SUPPLIED ENTRIES:
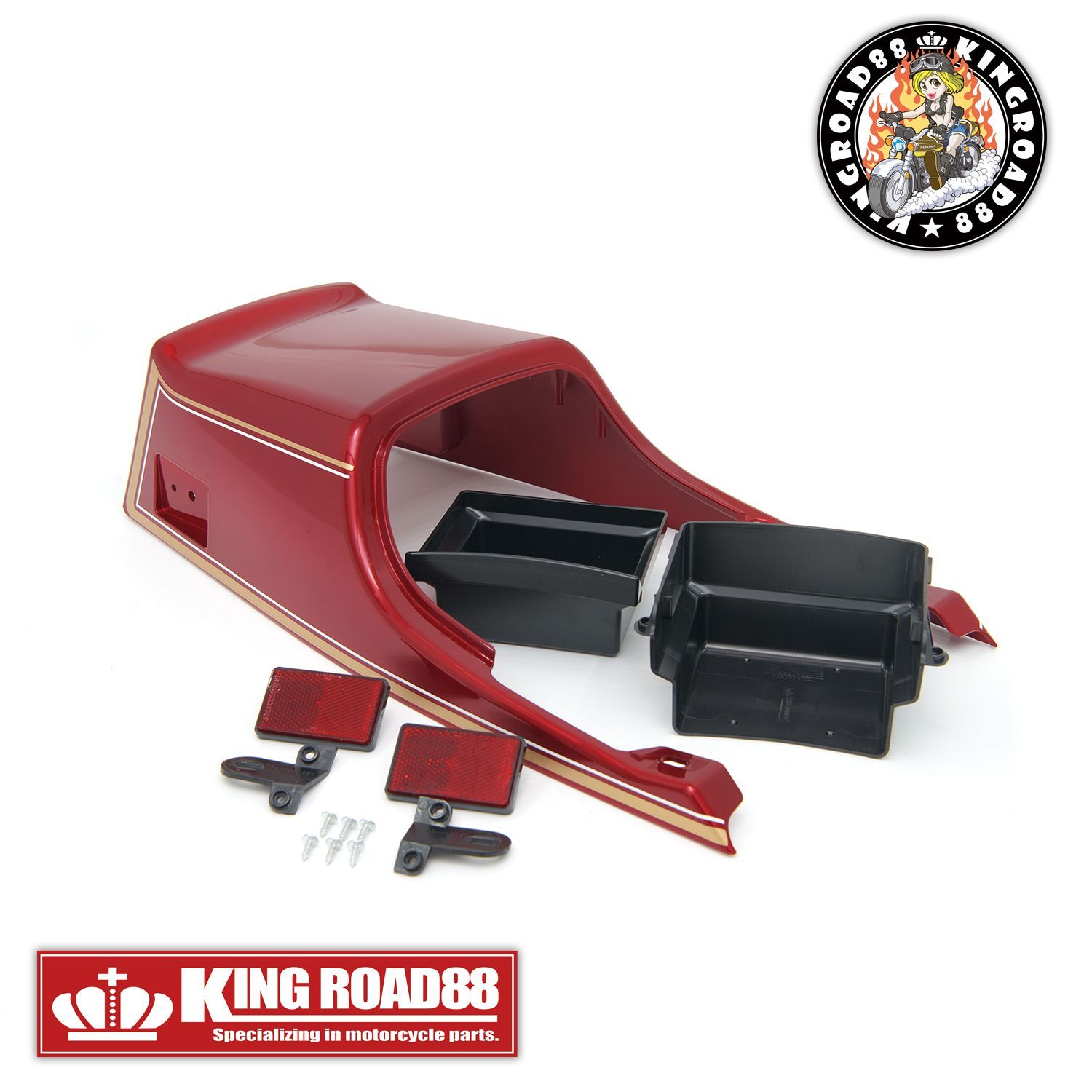 カワサキ ゼファー750 ZR750C KingRoad88 FX変身 外装 セット レッド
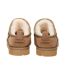 Chaussons Bottines Femme Marron Gris EverAu-2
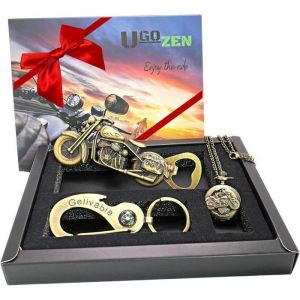 Ouvre Bouteille D&eacute;capsuleur - UGOZEN - Moto - Coffret Cadeau - Noir - 1 pi&egrave;ce - Design Contemporain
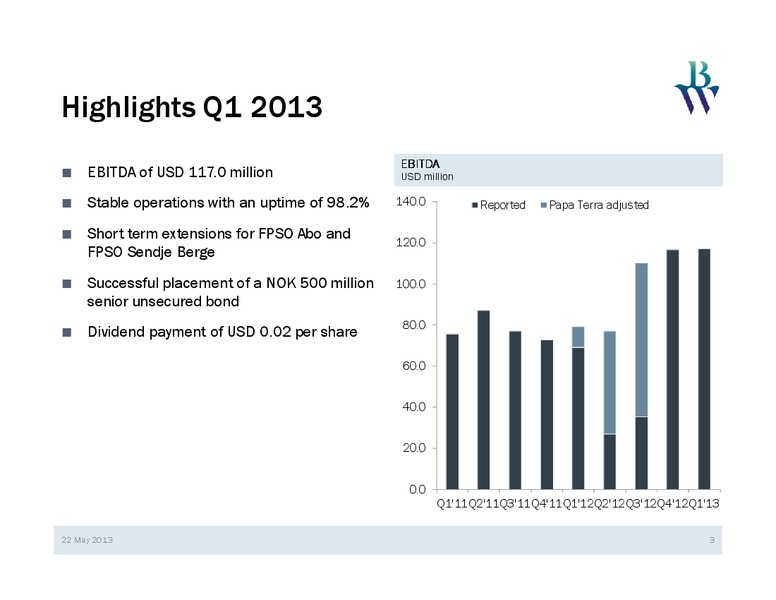 Q1 2013 EARNINGS CALL – Bw Offshore – slide 2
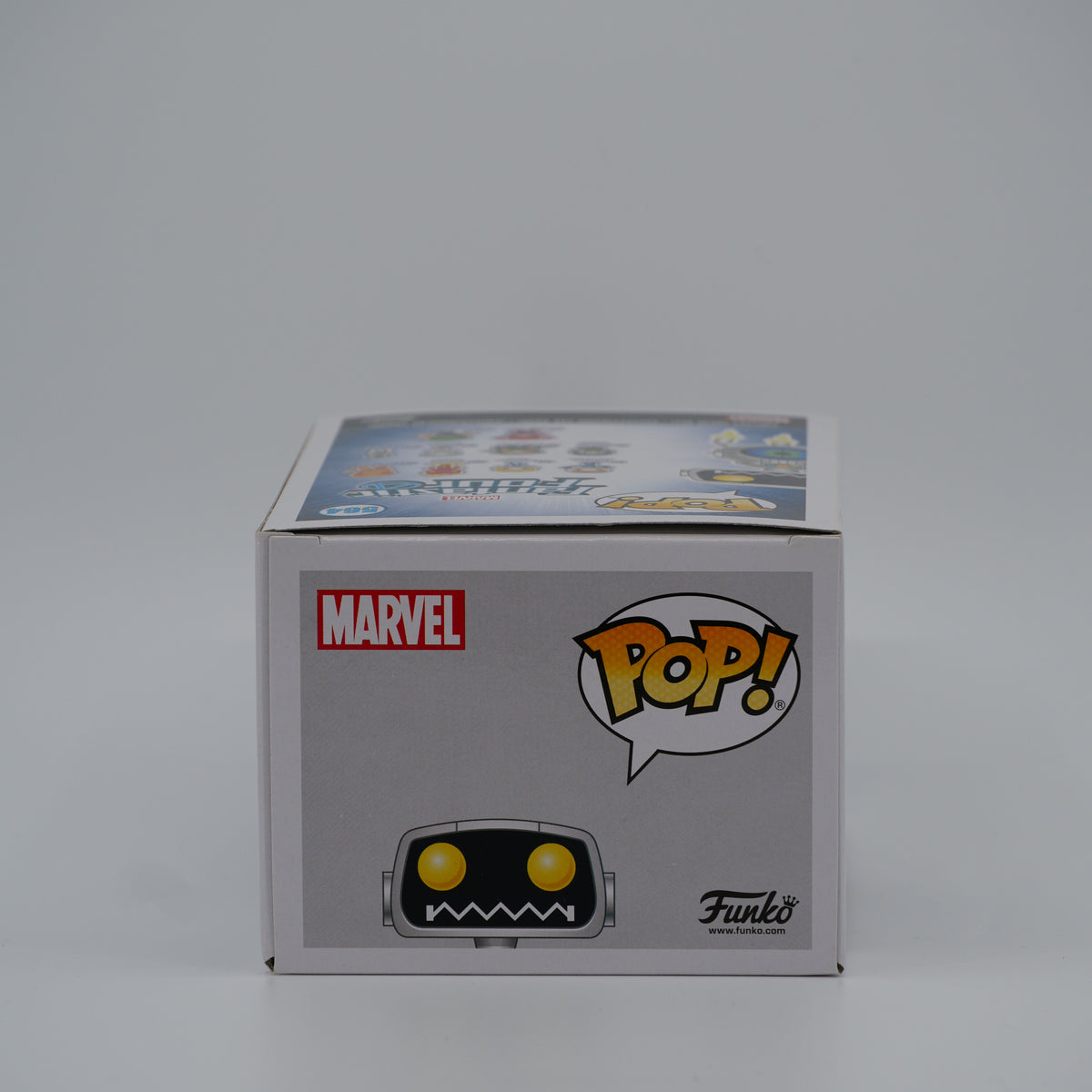 Funko Pop! H.E.R.B.I.E. #564 - Fantastic Four | Damaged Box - Copy B - top of the exact boxed item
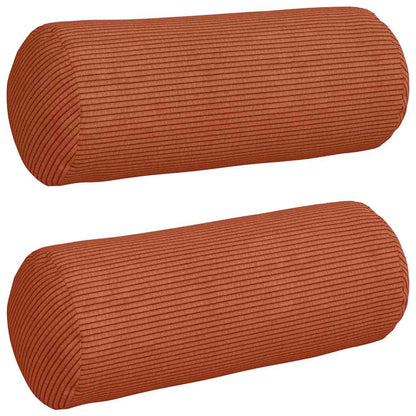 Cuscini a rullo 2 pcs Rosso Arancio ÃƒËœ 15 x 40 cm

TASK OBJECTIVE:
Retype the data above exactly, dropping every picture.

SOLUTION:
 カワサキ ゼファー750 ZR750C KingRoad88 FX変身 外装 セット レッド
 Chaussons Bottines Femme Marron Gris EverAu-2
 Ouvre Bouteille D&eacute;capsuleur - UGOZEN - Moto - Coffret Cadeau - Noir - 1 pi&egrave;ce - Design Contemporain
 Q1 2013 EARNINGS CALL – Bw Offshore – slide 2
 Funko Pop! H.E.R.B.I.E. #564 - Fantastic Four | Damaged Box - Copy B - top of the exact boxed item
 Cuscini a rullo 2 pcs Rosso Arancio ÃƒËœ 15 x 40 cm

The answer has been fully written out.